All he had was a video camera and no editing experience. He and his partner would shoot for 30 seconds and save space for more recording in the future. The collaboration was an effort to produce crowd-sourced material, which created the company, “hitRECord.”
It was moments like this that helped executive producer Jared Geller and entertainer Joseph Gordon-Levitt develop their creative aesthetic. That same creative aesthetic is undeniably visible in the duos crowd-sourced production company, hitRECord.
Geller visited the Lake View Terrace room at the USU on Tuesday, Nov. 3, for an event hosted by the Journalism Department focusing on National Media Literacy Week, which highlights the importance of children and teens digital media literacy skills. Geller’s hitRECord on TV was awarded a Media Literacy Award by the National Association for Media Literacy Education in 2015.
“We take whatever the content is and we try to find the best home for that piece of content,” said Geller. “I think when you make art, trying to find the best way to distribute it is almost as important as what you’re making, because you want as many people to see it but also the right people to see it.”
The producer spoke vivaciously about media, crowd-sourced production, and the future of the entertainment industry.
“We’ve been doing this for maybe longer than five years, at the very beginning a lot of our partners, or people we wanted to work with, didn’t understand what it meant to be open collaborative production company. It didn’t make sense. I think now more of these kinds of collaborative initiatives are common,” said Geller. “It makes it easier to do bigger things.”
In 2010, following a year of evaluation and deliberation with lawyers about the practicalities of an crowd-sourced production company, Geller and Gordon-Levitt eventually launched a new website. The infrastructure they established through the years would form an online community based on, “transparency and open dialogue,” giving artists and collaborators the opportunity to review profit proposals and make sure they are getting their due before their work is used.
Geller and Gordon-Levitt’s hitRECord has now completed a series of shorts, books, and two seasons of its variety show rendition, HitRECord on TV, with amplifying optimism about the future of hitRECord and crowd-sourced production. The first season of “hitRECord on TV” on Pivot TV won an Emmy Award for Outstanding Achievement in Interactive Media.
Brandon Ashford, communications major at CSUN, enjoyed the determination for production exuded by Geller during his talk.
“I’m an aspiring producer myself,” said Ashford. “I think that is what most people struggle with, saying [to themselves] ‘Can I really do this?’ Him admitting, ‘I don’t know how I did this but yet you see him doing it,’ is something that people can really look at and say, ‘Hey, that motivates me personally to do what I want to do.’”
The company had an idea to harness technology to record ideas and do it fairly and legally. Above all, collaborators would get paid for their work.
This online community would grow into an open dialogue forum, where creativity seemed to beam through.
“I think it’s going to happen more and more.
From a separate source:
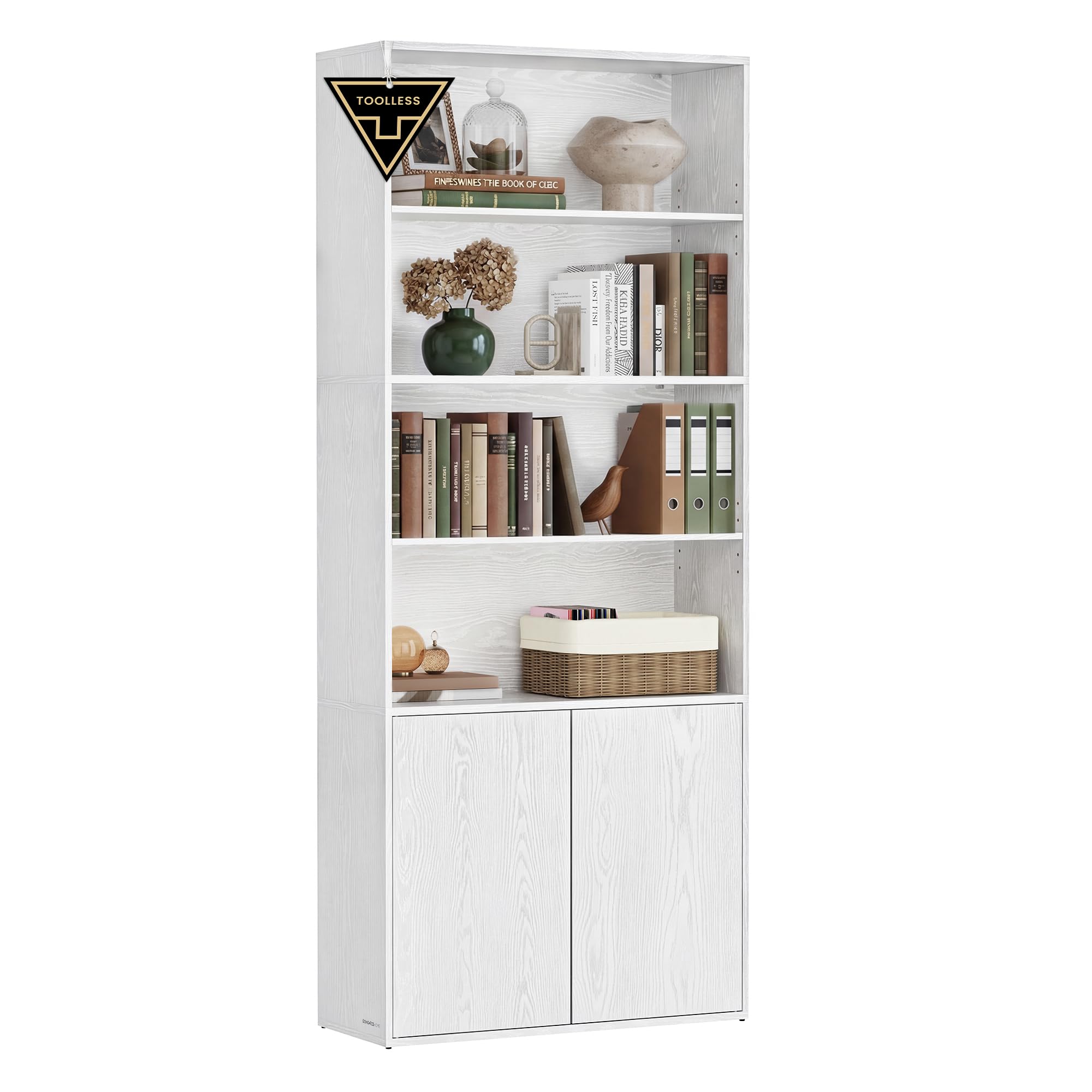 SONGMICS Home Book Shelf, Superfast Toolless Assembly, 6-Tier Floor Standing Bookcase with Doors and Adjustable Shelves, 70.4 Inches Tall for Bedroom Study Living Room, Snow White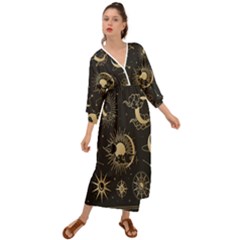 Asian-set With Clouds Moon-sun Stars Vector Collection Oriental Chinese Japanese Korean Style Grecian Style  Maxi Dress by Bangk1t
The bar for doing it [will rise] the more accessible technology becomes,” said Geller. “I think it will become more common. It’s just another way to make art.”
Geller recounted meeting Gordon-Levitt back in 2001, while they were both involved in a broadway production of Uncle Bob. They collaborated on creative projects such as short videos and theater pieces, and by 2005, this collaborative process and desire for a production company would evolve through the online community Gordon-Levitt had created, before click-to-play video, where he uploaded photos, message boards, and blog posts.
Edward Gallacher, creative development and producer for hitRECord, started as Joseph Gordon-Levitt’s executive assistant when he came to Hollywood from England. Gallacher believes the transparency of hitRECord has created a diverse and international community.
“Sometimes we’ll go for months and months with working with someone before we know if they’re a girl or a boy, or where they live in the world, or what perspective they have,” Gallacher said. “That’s a great thing, sort of being completely blind to it initially and then having it be a sort of surprise. It’s interesting for us, always. It means that we have a huge, wide range of perspectives, that end up influencing what we do.”